→ EXERCISE
Leave out the pictures and retype, exactly, the lines below from the line with "Nadja Klier -- Harald" up to and including the line with "Liiiving in Porto Sea River View Apartment", nothing more.

→ TASK INPUT
====================
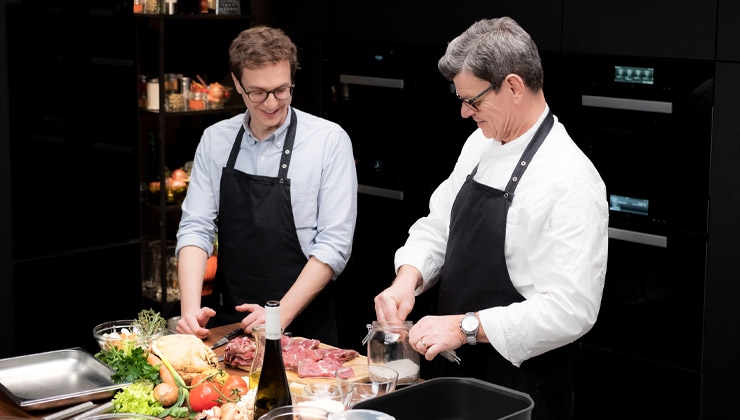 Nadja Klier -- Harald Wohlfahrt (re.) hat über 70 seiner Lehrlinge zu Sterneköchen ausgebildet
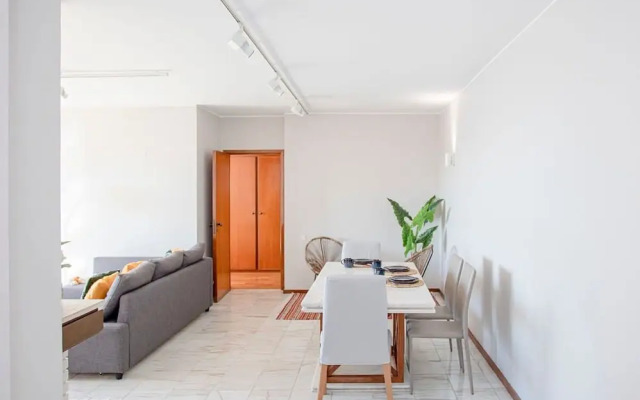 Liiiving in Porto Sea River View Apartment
====================
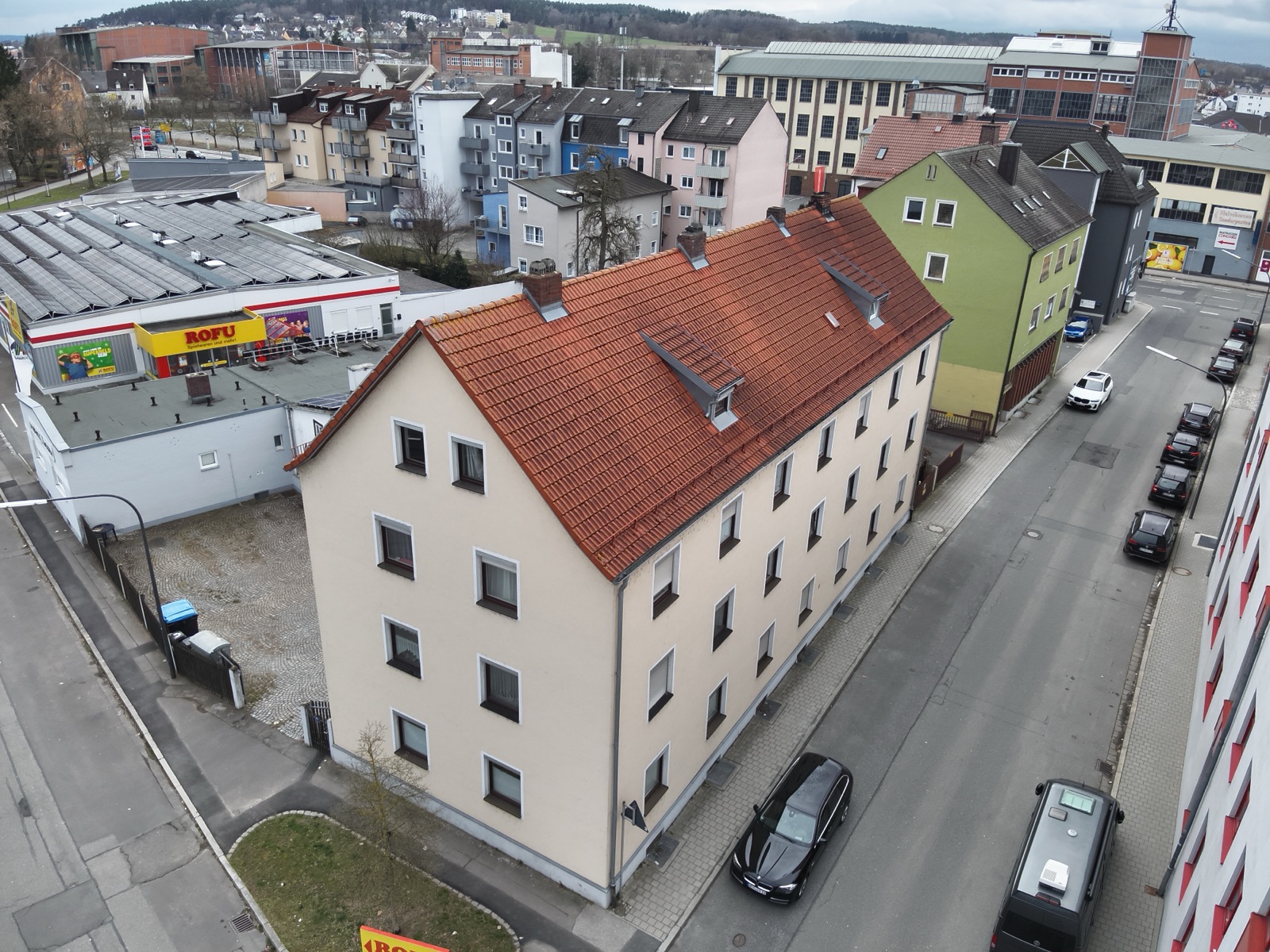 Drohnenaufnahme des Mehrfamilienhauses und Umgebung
====================
→ SOLUTION TO THE PROBLEM
 Nadja Klier -- Harald Wohlfahrt (re.) hat über 70 seiner Lehrlinge zu Sterneköchen ausgebildet
 Liiiving in Porto Sea River View Apartment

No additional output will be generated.